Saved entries
----------
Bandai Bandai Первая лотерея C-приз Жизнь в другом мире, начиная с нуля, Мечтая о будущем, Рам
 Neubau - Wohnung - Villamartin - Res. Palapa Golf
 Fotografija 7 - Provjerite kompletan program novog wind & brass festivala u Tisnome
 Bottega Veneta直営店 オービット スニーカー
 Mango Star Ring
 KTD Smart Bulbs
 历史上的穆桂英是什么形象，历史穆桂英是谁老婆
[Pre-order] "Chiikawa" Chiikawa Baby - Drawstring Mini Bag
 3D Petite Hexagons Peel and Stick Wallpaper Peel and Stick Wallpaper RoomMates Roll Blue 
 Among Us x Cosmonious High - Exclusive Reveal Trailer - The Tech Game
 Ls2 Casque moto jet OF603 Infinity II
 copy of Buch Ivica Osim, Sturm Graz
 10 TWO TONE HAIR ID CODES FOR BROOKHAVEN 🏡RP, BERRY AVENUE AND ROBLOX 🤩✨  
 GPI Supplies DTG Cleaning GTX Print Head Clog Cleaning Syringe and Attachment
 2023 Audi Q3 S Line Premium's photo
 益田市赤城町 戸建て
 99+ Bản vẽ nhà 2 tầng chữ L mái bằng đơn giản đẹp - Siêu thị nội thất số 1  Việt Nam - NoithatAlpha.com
----------
Work task ▸
Nothing may be dropped or altered. Copy every line above.

Written response ▸
Bandai Bandai Первая лотерея C-приз Жизнь в другом мире, начиная с нуля, Мечтая о будущем, Рам
 Neubau - Wohnung - Villamartin - Res. Palapa Golf
 Fotografija 7 - Provjerite kompletan program novog wind & brass festivala u Tisnome
 Bottega Veneta直営店 オービット スニーカー
 Mango Star Ring
 KTD Smart Bulbs
 历史上的穆桂英是什么形象，历史穆桂英是谁老婆
[Pre-order] "Chiikawa" Chiikawa Baby - Drawstring Mini Bag
 3D Petite Hexagons Peel and Stick Wallpaper Peel and Stick Wallpaper RoomMates Roll Blue 
 Among Us x Cosmonious High - Exclusive Reveal Trailer - The Tech Game
 Ls2 Casque moto jet OF603 Infinity II
 copy of Buch Ivica Osim, Sturm Graz
 10 TWO TONE HAIR ID CODES FOR BROOKHAVEN 🏡RP, BERRY AVENUE AND ROBLOX 🤩✨  
 GPI Supplies DTG Cleaning GTX Print Head Clog Cleaning Syringe and Attachment
 2023 Audi Q3 S Line Premium's photo
 益田市赤城町 戸建て
 99+ Bản vẽ nhà 2 tầng chữ L mái bằng đơn giản đẹp - Siêu thị nội thất số 1  Việt Nam - NoithatAlpha.com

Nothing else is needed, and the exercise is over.